Genes that had an effect on the LOF mutant analysis for AUDPS for virus TuMV-G were DDM1 and T9A4.1. Corrêa et al. (2020) showed that ddm1 plants were more resistant to two different strains of TuMV. This might be because induction of SA-mediated defense in ddm1 mutants may be an explanation of their resistance to TuMV. The opposite has been noticed for geminiviruses where ddm1 mutant showed hypersusceptibility to infection (Raja et al. 2008). The reason for this was the methylation of viral genomes that is a plant defense mechanism; when methylation is reduced, plants are more susceptible (Raja et al. 2008). Differences in adaptation history of TuMV-G and the strains studied by Corrêa et al. (2020) might explain why TuMV-G replicates better in this mutant in our study. For TuMV-G, the lack of DDM1 might help the virus replicate better since defense genes are not properly methylated and henceforth their expression deregulated. Another significant gene in the mutant analysis was T9A4.1, which is involved in peptidyl-diphthamide biosynthetic processes and tRNA wobble uridine modification. Both of these processes are involved in translation modifications and this protein might have a role in an anti-pathogenic response.

For the strain TuMV-S in the AUSIPS values, one host gene had a significant effect on the mutant analysis, AT3G12850, which is involved in regulation of JA levels. Viruses infecting at3g12850 plants replicate better. AT3G12850-encoded protein is a COP9 signalosome complex-related/CSN complex-like protein. The tomato yellow leaf curl Sardinia virus (TYLCSV) C2 protein interacts with CSN5 resulting in a reduction of JA levels. As previously shown, treating A. thaliana plants with exogenous JA disrupts TYLCSV infection (Lozano-Durán et al. 2011). It is known that plant viruses and herbivores have strategies to manipulate JA levels as this hormone confers defenses to the plant against biotic and abiotic stresses (Wu and Ye 2020). This means that in our pathosystem the JA is negatively affecting the viral replication.

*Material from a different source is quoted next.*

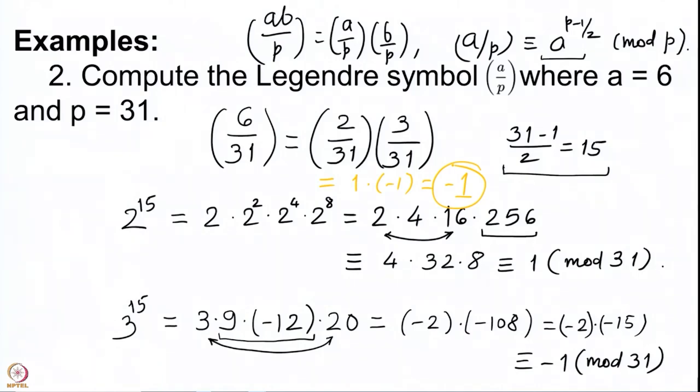We can compute the Legendre symbol of 6 by 31 quite easily this way; otherwise, taking the 15th power of 6 directly would be a very difficult computation. If we were to look at all squares modulo 31, we would have to compute squares of all elements or at least half of them, get 15 elements, and then realize that 6 does not figure in them. This computation has reduced our number of steps very much to a manageable number.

A GWAS of TuMV infection in A. thaliana in a natural setting was recently performed by Rubio et al. (2019). None of the genes found by these authors were pinpointed in our study but this could simply reflect three major experimental differences: (1) Rubio et al. (2019) grew their plants in a natural setting where they were exposed to a changing environment. The highly complex natural setting can lead to much more heterogeneous gene regulations, as opposed to a controlled environment that minimizes external abiotic and biotic stressors. It has been shown before that abiotic stresses influence the response of the plant to viruses (Xu et al. 2008; Hily et al. 2016; González et al. 2021). Multiple stresses affecting the plant at the same time can be problematic when trying to identify genes responsible for the specific response of plants to virus infection. (2) The evolutionary histories of the TuMV strains used in both studies were largely different. While Rubio et al. (2019) used the UK1 isolate, we used strains derived from the YC5 isolate originally obtained from calla lily plants (Chen et al. 2003). (3) In our study, the 450 accessions were chosen to represent the world-wide genetic diversity of the species, while French accessions were largely overrepresented in Rubio et al. (2019) study. Rubio et al. (2019) identified six new genes above a threshold of −logP ≥ 4 in their GWAS analysis:restriction to tobacco etch virus movement 3, a DEAD box RNA helicase 1 candidate gene, eukaryotic translation initiation factor 3b, a protein with a pleckstrin homology domain, a protein containing a TIM barrel domain, and a key enzyme involved in the glutamate pathway. Our study identified 13 genes specifically mapped for viral infection response (Table 2), of which eight were experimentally confirmed as having roles in the plant response to TuMV-S and TuMV-G (Fig. 5). Despite the lack of matching genes mapped between both studies, there are similarities at the functional level: for both studies there were genes mapped that belonged to ATP-dependent DNA helicase, DnaJ domain superfamily protein and ubiquitin associated proteins.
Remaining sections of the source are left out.